* DIRECTIONS FOR THIS TASK *
Write out exactly the lines below starting at the one containing "Placental site trophoblastic" and ending at the one containing "عدد جلسات الديرما للحصول على نتائج". Omit every picture.

* MATERIAL SHOWN *
***
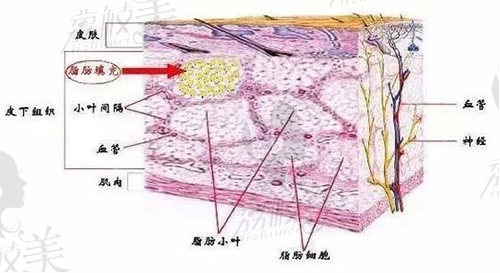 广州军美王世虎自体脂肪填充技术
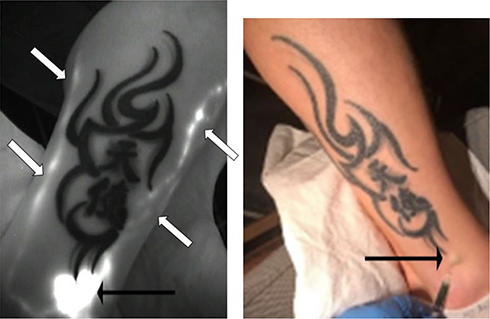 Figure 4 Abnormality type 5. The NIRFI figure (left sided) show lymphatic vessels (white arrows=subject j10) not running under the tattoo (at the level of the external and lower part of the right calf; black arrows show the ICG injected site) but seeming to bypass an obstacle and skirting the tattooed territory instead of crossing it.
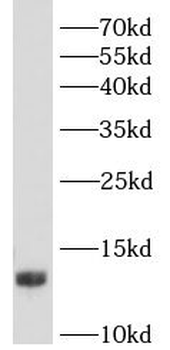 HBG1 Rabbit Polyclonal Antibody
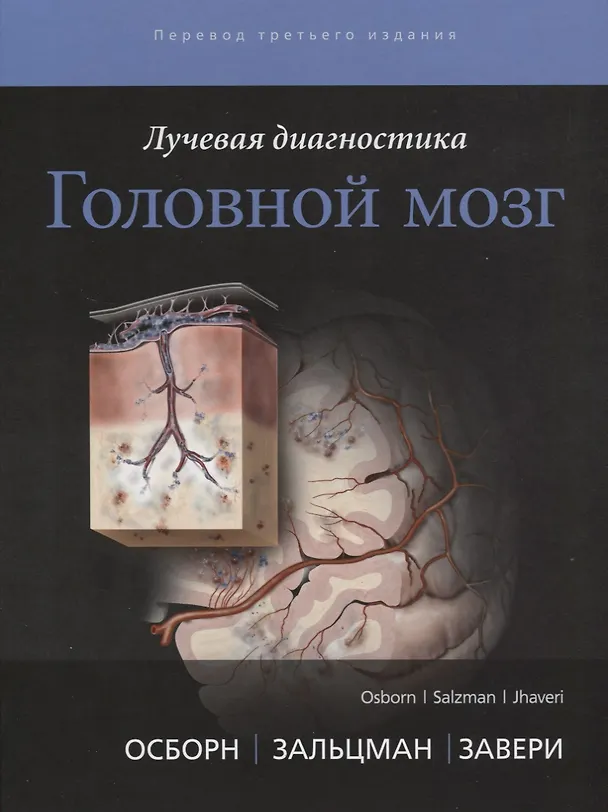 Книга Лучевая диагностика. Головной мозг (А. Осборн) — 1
***
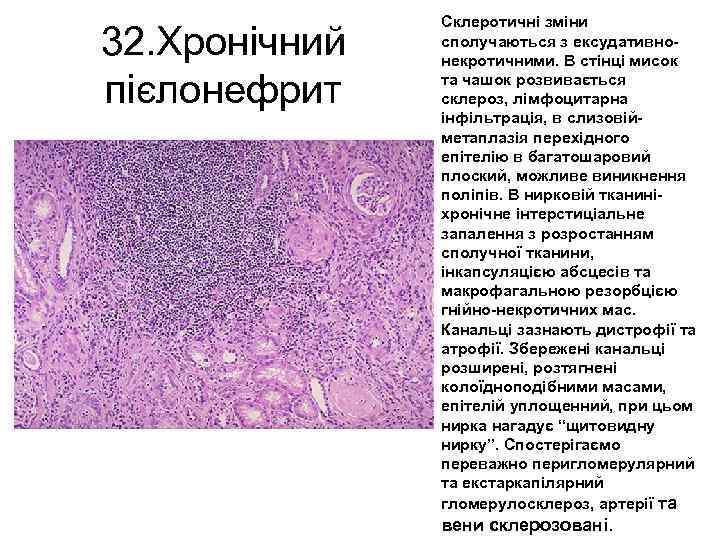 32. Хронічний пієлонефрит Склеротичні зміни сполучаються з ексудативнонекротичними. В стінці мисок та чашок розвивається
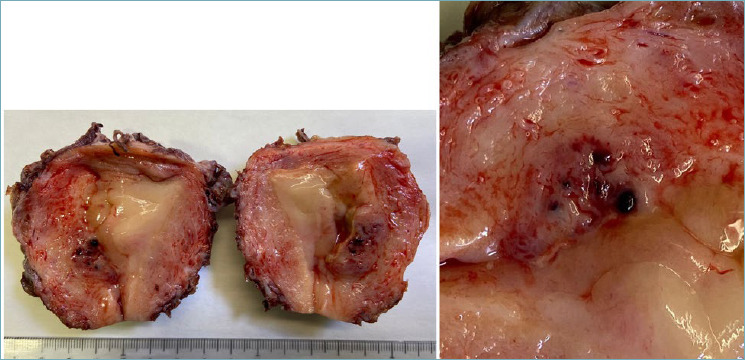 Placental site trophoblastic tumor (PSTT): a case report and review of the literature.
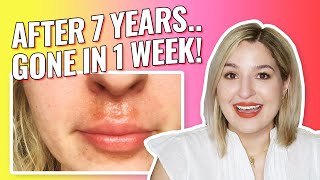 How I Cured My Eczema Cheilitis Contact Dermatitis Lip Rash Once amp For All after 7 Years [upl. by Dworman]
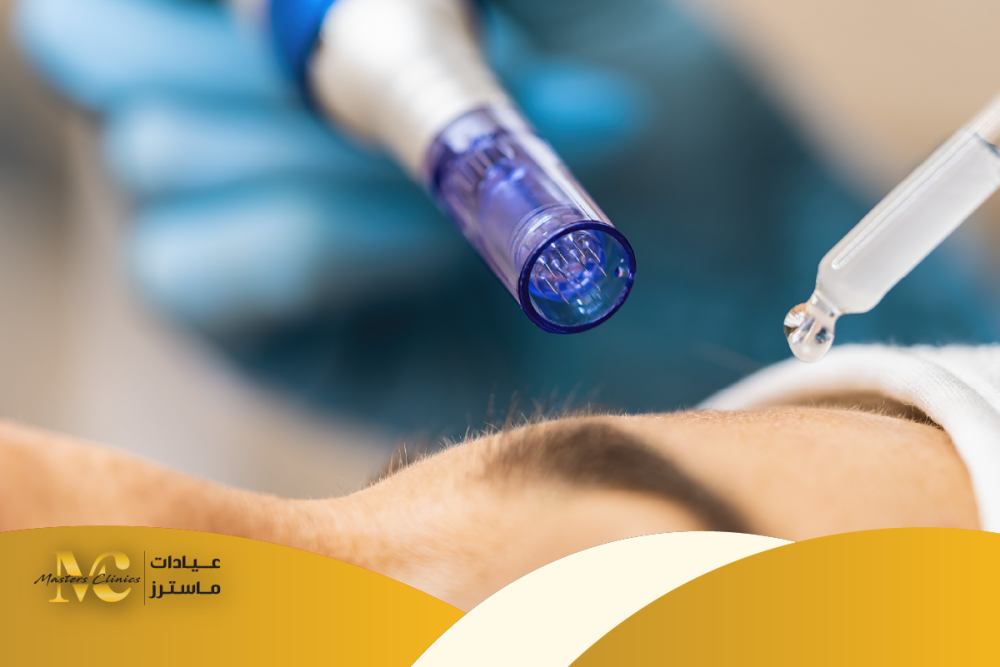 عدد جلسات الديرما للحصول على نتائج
***
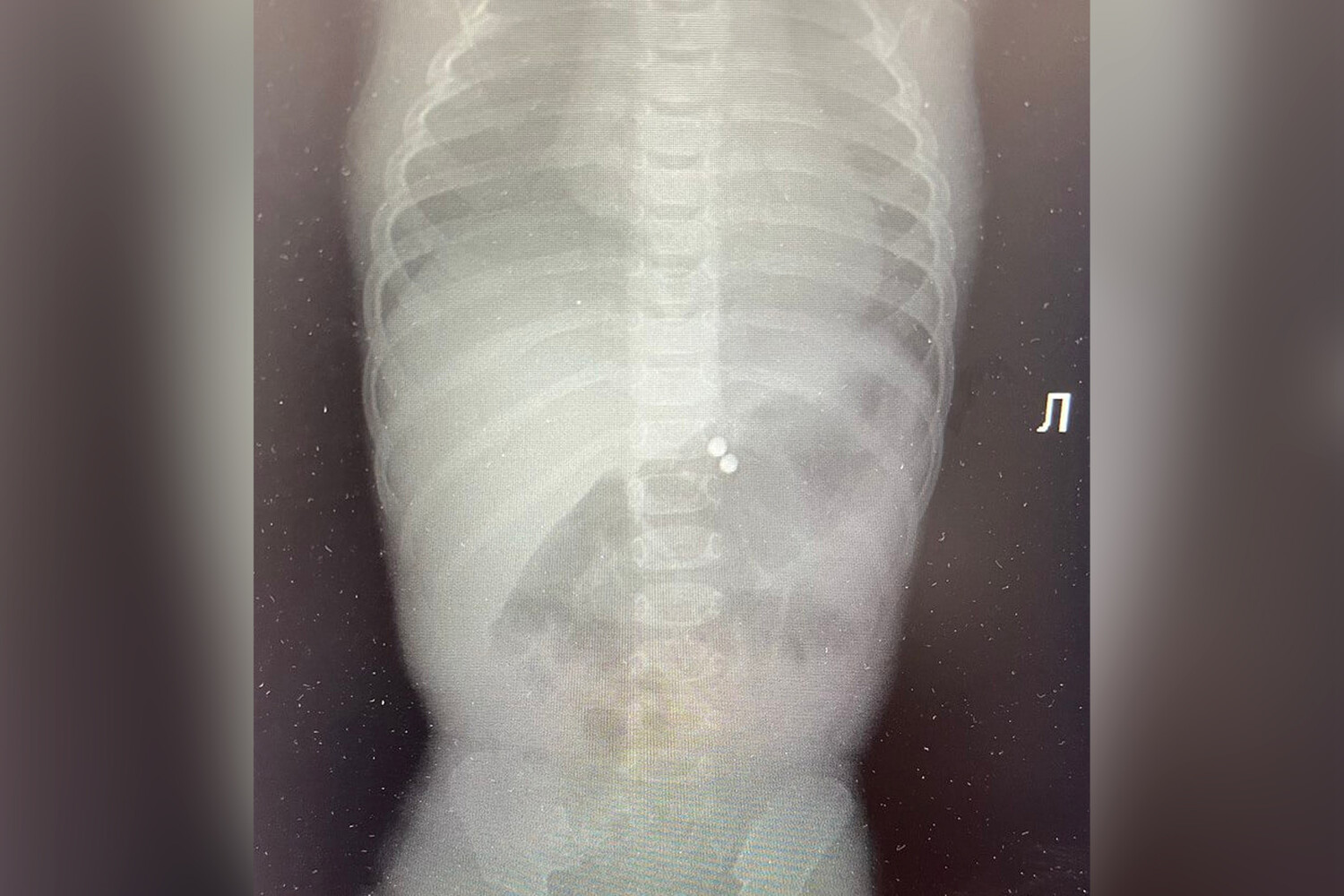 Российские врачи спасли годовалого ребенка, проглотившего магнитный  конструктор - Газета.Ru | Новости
***
* REPLY TO THE TASK *
 Placental site trophoblastic tumor (PSTT): a case report and review of the literature.
 How I Cured My Eczema Cheilitis Contact Dermatitis Lip Rash Once amp For All after 7 Years [upl. by Dworman]
 عدد جلسات الديرما للحصول على نتائج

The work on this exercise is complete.